I'm with 3ravens, it looks like baby mulberry to me. They look quite different when they get older.


----------



## Tiempo

No, not mulberry. 

Baby mulberrys have more of a heart shape where the leaf joins the stem..

http://www.mobot.org/gardeninghelp/images/Pests/Pest910.jpg

I'm going with elm.


----------



## bee

was the pot outside? cause it looks like a chipmunk may have "planted" a filbert to me.


----------



## PoorLiLRichGirl

The pot wasn't outside so it must have been in the dirt. Transplanted Walmart Mulch-berry Tree is what we're calling it till we can ID it. I have to confess that I'm getting kind of excited to find out!


----------



## soulsurvivor

Another vote for elm. Keeps us busy pulling these things out of the front flower bed and they're really hard to pull up because of the deep tap root.


----------



## springledge

I'm thinking it is a hackberry. I found one in the woods and planted it....thinking it was an elm. Now I have a 20' tall hackberry tree in my yard  Here is the link to a picture of the leaves of the tree http://www.ag.ndsu.edu/trees/handbook/th-3-119.pdf . I could be wrong, but it sure looks like it to me.
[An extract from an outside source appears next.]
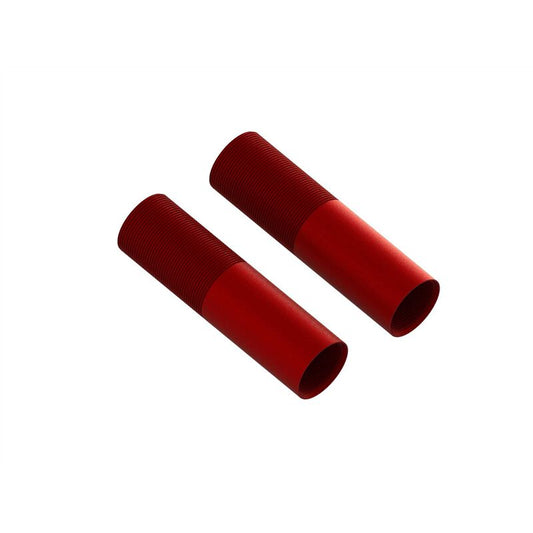 Arrma Aluminum Shock Body, 24x83mm (Red) (2) (ARA330578)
I just looked again and it does seem like the leaves are a little different at the base so now I'm not sure....oh well...maybe


----------



## casusbelli

Definitely not a hackberry. And not a beech.
I'm with the elm votes. And their winged seeds travel by wind.


----------



## YuccaFlatsRanch

Mulberry - plant it, it will grow FAST.


----------



## mtnbluet881

Not Ash ---they are opposite

Not Elm ---leaves too light green

The color of the leaves fit a mulberry perfectly and the mulberry likes to hide its true nature of off-shaped and uneven leaf shapes when it is very young.

Soon you should see different leaf shapes and then you will know for sure, and mulberry berries are so good to eat!


----------



## coffee

there are 3 types of mulberry 
black 
red
white
if its a young mulberry you are in for a treat ..I have 3 on order ,, one for me and one for each of my boys..
take a leaf in to your extension office or send one in to them ( look uoder county offices ) they will know what it is .


----------



## lonelytree

Mulberry cobbler.... YUM!!!!


----------



## o&itw

yep, if you like worms


----------



## Tricky Grama

Wildcrofthollow said:


> I'm with 3ravens, it looks like baby mulberry to me. They look quite different when they get older.


I think so too...a few more days/weeks will tell.


----------



## ronbre

i've never grown mulberries, I have 2 on order as well..russian i guess..so we'll see.


----------



## PoorLiLRichGirl

What do you guys think about Pecan for this? DS was playing with a few papershells and this container was close enough to the floor for him to reach....


----------



## chickenista

Do you have a current pic? Has it changed any?


----------



## PoorLiLRichGirl

No, it hasn't even popped out another leaf. I've moved it outside but I think it's drowning. It's rained about 30 inches in the last week :badmood:


----------



## lonelytree

o&itw said:


> yep, if you like worms


Must be a Missouri thing? We had great mulberries, white and purple..... No worms.


----------



## Danaus29

Ok, I did a little quick research. Not pecan, not elm, not mulberry. Not maple, ash, dog wood, or buckeye. I think we can also eliminate the hickory family.

After checking on this site:
http://www.oplin.org/tree/leaf/leaf pages/045/not lobed.html

I think you might have a Speckled Alder:
http://www.macphailwoods.org/shrub/alder.html


----------